The fragmenting of the magazine world presaged the development of "narrowcasting" in cable television. Now, everyone can find his or her special interest reflected in at least part of a cable channel. Pool and poker could never have succeeded in national media without a proliferation of channels. And to pursue the parallel further, viewership of the big networks has fallen much the same way that newspaper readership has.
JUST LIKE NETWORK TV, newspapers will survive. So savvy an entrepreneur as Rupert Murdoch would not have bought the Wall Street Journal unless he was sure he could make it into a "big, big-titted hit" (to quote the Robert Duvall character in Network).
Murdoch, opines Ed Lasky in the American Thinker, will make his product a profitable market leader by synergizing with other elements of his media empire, and by infusing capital and talent into the newspaper.
Murdoch is a special case, aiming, as he does, to make the Journal the pre-eminent newspaper in the U.S. For publishers of more modest means and aims, the motto going forward will be synergy and specialization.

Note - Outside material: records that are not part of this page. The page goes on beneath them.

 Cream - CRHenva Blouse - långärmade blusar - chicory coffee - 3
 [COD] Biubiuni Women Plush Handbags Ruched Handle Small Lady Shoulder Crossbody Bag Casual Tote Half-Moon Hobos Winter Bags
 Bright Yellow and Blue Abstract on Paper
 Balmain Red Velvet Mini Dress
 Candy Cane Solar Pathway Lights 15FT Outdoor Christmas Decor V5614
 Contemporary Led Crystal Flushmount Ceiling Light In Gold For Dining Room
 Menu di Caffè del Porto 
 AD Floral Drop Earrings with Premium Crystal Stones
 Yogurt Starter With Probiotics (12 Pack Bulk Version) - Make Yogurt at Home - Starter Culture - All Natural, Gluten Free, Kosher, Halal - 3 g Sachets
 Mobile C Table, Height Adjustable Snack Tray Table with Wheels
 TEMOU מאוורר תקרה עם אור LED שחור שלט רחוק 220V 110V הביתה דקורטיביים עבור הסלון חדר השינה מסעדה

Some combination of the Internet and print, some certain target audience, some canny design and organization, all will point the way forward for the newspapers of the future.
Some may look like professional journals, some may resemble the rabble-rousing shout-sheets of the Colonial era, some may take off from hobbyist enthusiasms. The big dailies like the New York Times and the Washington Post will survive. At least a few of the biggies have to, if for no other reason than to provide content and direction for broadcast newsies -- who can't do their own reading and research.